Japan is anxious to gain a firmer business foothold in Burma because of pressures from rivals, it said.

“Southeast Asia has traditionally been a stronghold for Japan, but Tokyo’s dominance is now under challenge from China and South Korea. The US has also pushed aggressively into Asian markets as it seeks to increase its exports,” the Wall Street Journal reported on Jan. 7.

Inroads into Burma have been sweetened with promises by the Tokyo government to cancel Burma’s debts to Japan of US $5.8 billion.


2 Responses to Burma Business Roundup (Saturday, Jan. 12)

  1. “Although no longer under military rule, Myanmar is far from a proper democratic society” is indeed a very good and right comment. Thein Sein must be ashamed of this comment.

  2. http://www.youtube.com/watch?v=RXkx41uvesA

    DEBT is the WEAPON of ENSLAVEMENT.

    DEBT is the WEAPON of ENSLAVEMENT.

    DEBT is the WEAPON of ENSLAVEMENT.

    Exploitation is the real name of the game.

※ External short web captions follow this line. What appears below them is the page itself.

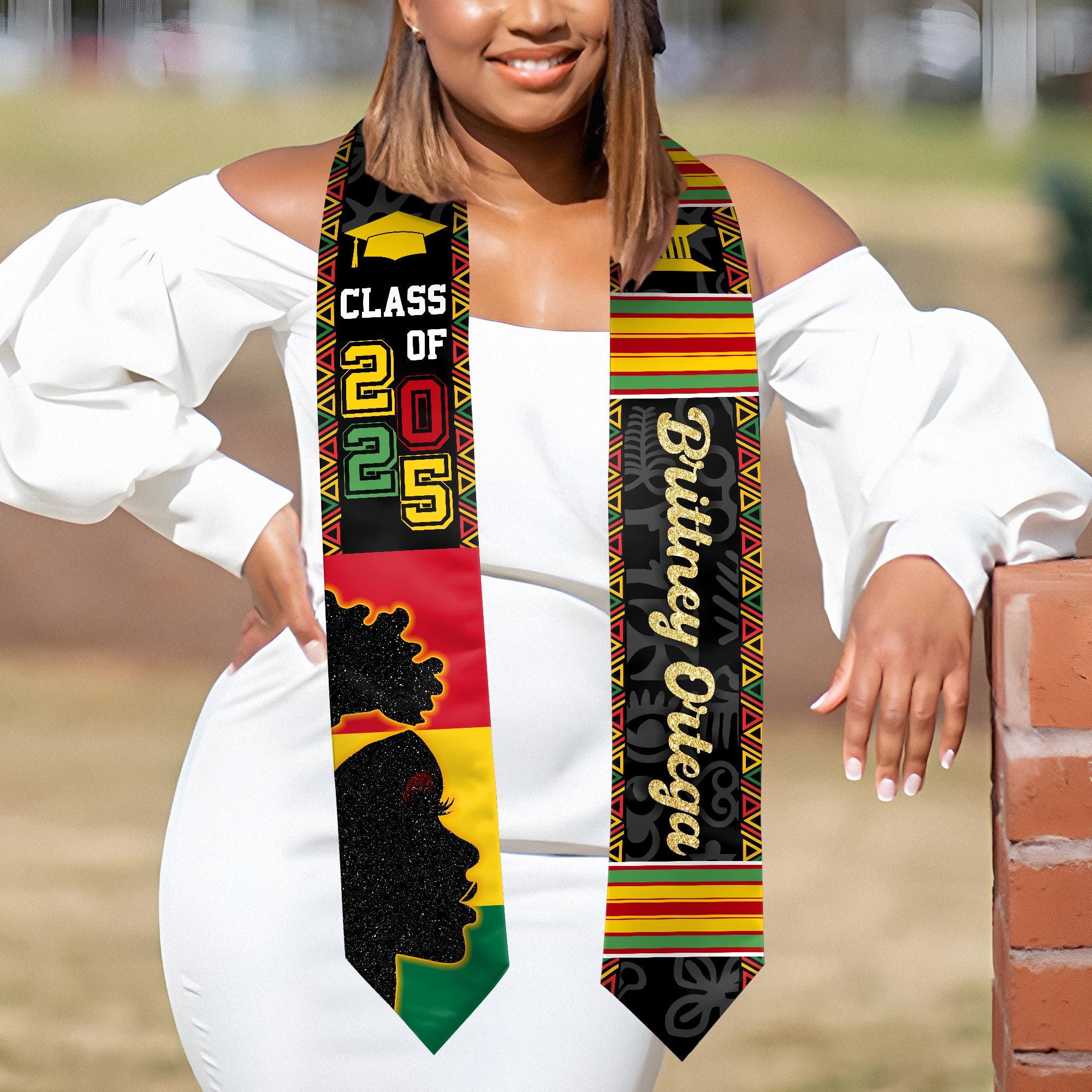 Personalized Flag Graduation Stole 2025, Custom Kente Mix Graduation Sash, Ghana Flag Stole, Gift for Graduates, Class of 2025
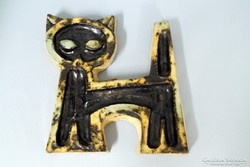 Zsolnay pirogránit fekete macska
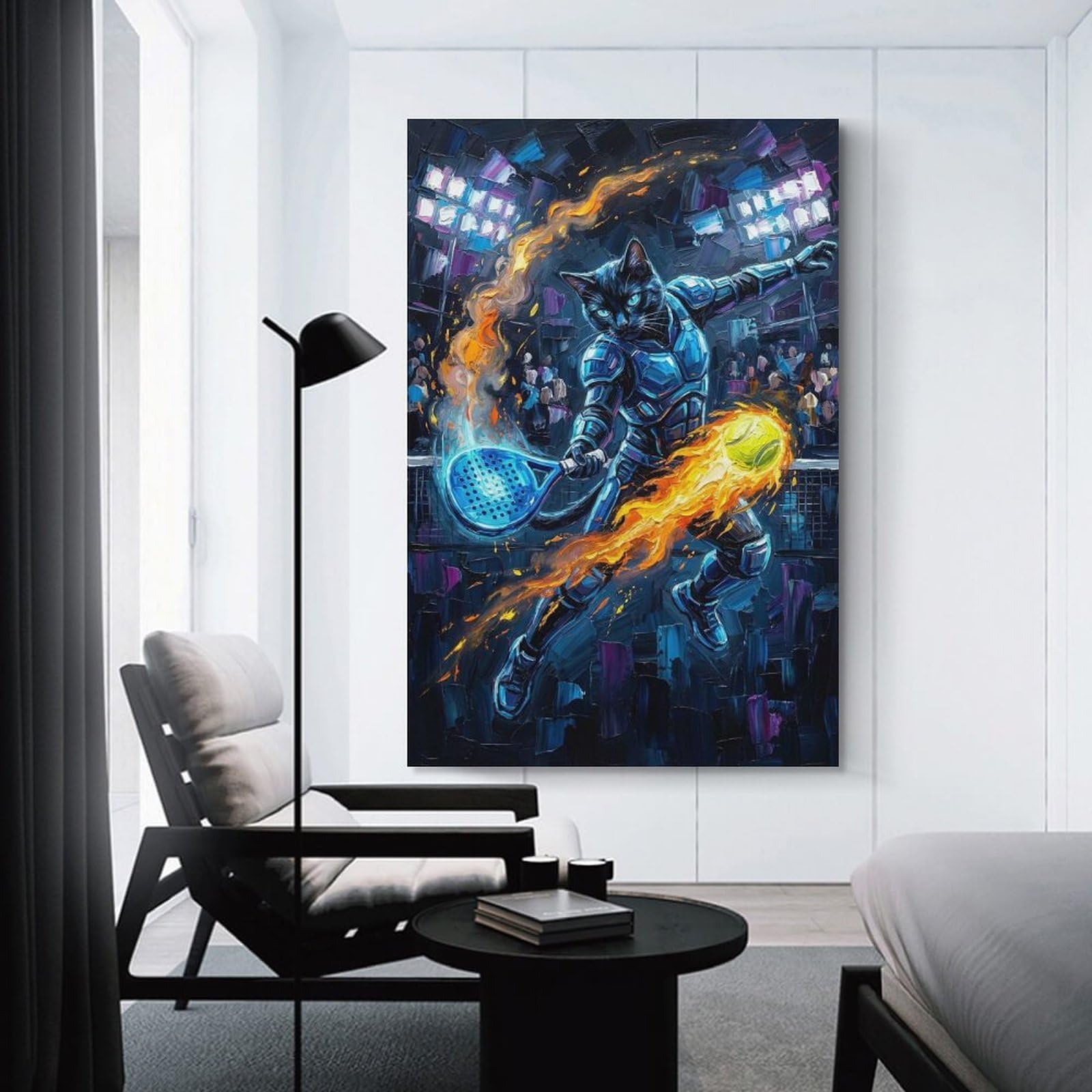 Junmoney Unframe-Style-6 Armored Cat Playing Padel With Fire Canvas Wall Art 24X36inch(60X90cm), For Workspace Walls, Study Corners Or Bedrooms, Wall Art That Adds Style To Work Areas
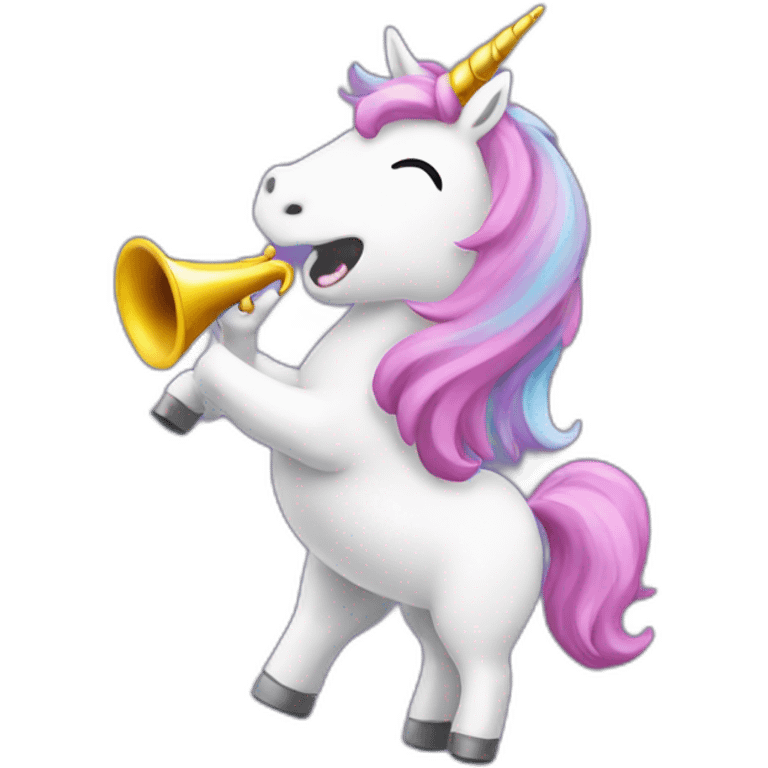 Unicorn blowing birthday trumpet emoji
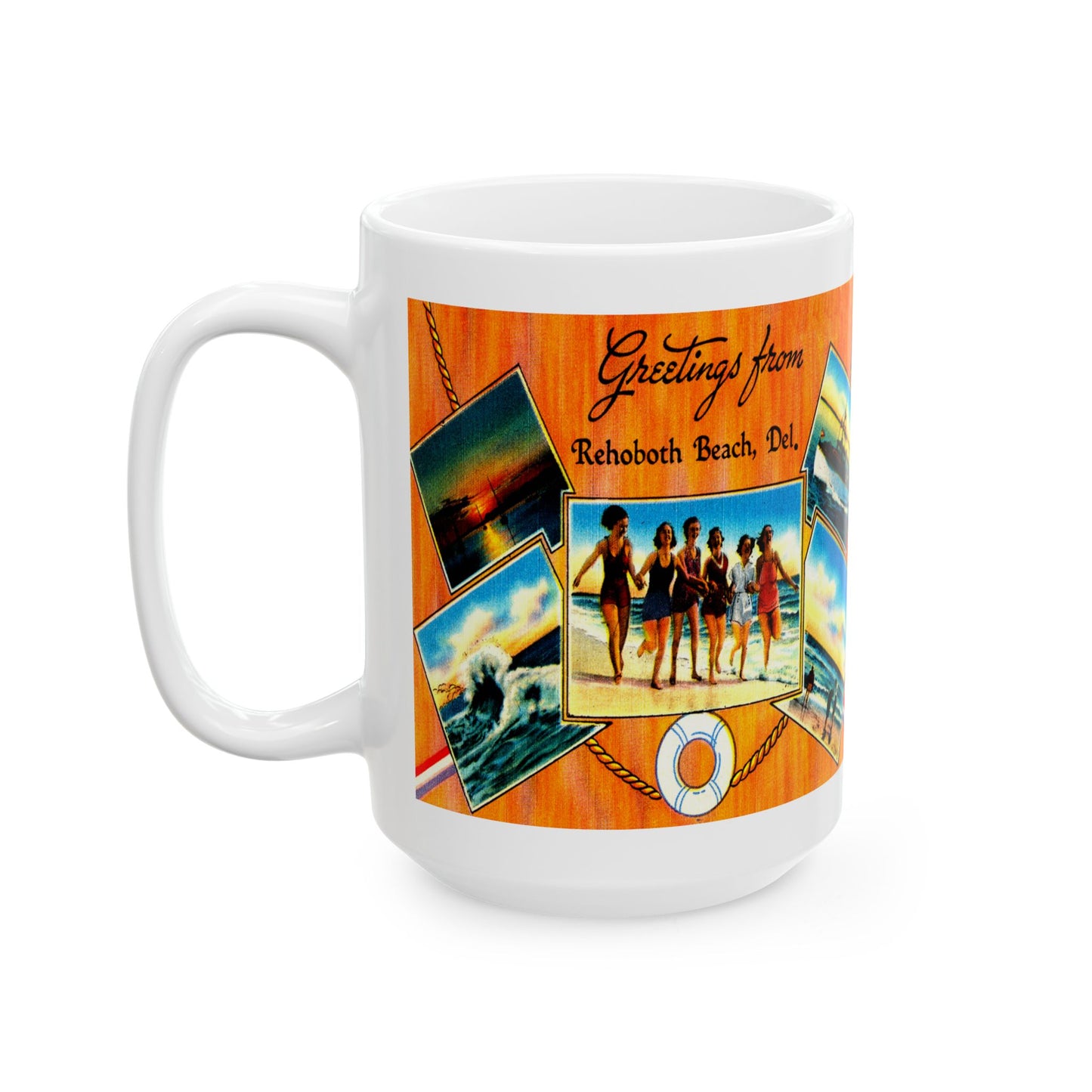 Memebly Vintage Beach Greetings from Rehoboth Beach DE Delaware Coffee Mug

    And all the Opposition Leaders are selling to the public of Burma along with all major publications.

    Why? Why? Why? Why? Why? Why? Why? Why?Why? Why? Why? Why? Why? Why? Why? Why?Why? Why? Why? Why? Why? Why? Why? Why?Why? Why? Why? Why? Why? Why? Why? Why?Why? Why? Why? Why? Why? Why? Why? Why?Why? Why? Why? Why? Why? Why? Why? Why?

    Is the eminent loss of traditional culture and peaceful, idyllic life desirable? Think!Think!Think!Think!Think!Think!Think!Think!Think!Think!Think!Think!Think!Think!Think!Think!
    Think!Think!Think!Think!Think!Think!Think!Think!Think!Think!Think!Think!Think!Think!Think!Think!

    Look around, learn, think. there are unparalleled opportunities to learn.
    Learn! Learn! Learn!Learn! Learn! Learn!Learn! Learn! learn!Learn! Learn! Learn!Learn! Learn! Learn!Learn! Learn! Learn!Learn! Learn! Learn!Learn! Learn! Learn!Learn! Learn! Learn!Learn! Learn! Learn!Learn! Learn! Learn!Learn! Learn! Learn!

    http://www.youtube.com/watch?v=oMT-1o07NeU

Leave a Reply

Your email address will not be published. Required fields are marked *

 characters available. Comments with external links in the body text will be deleted by moderators.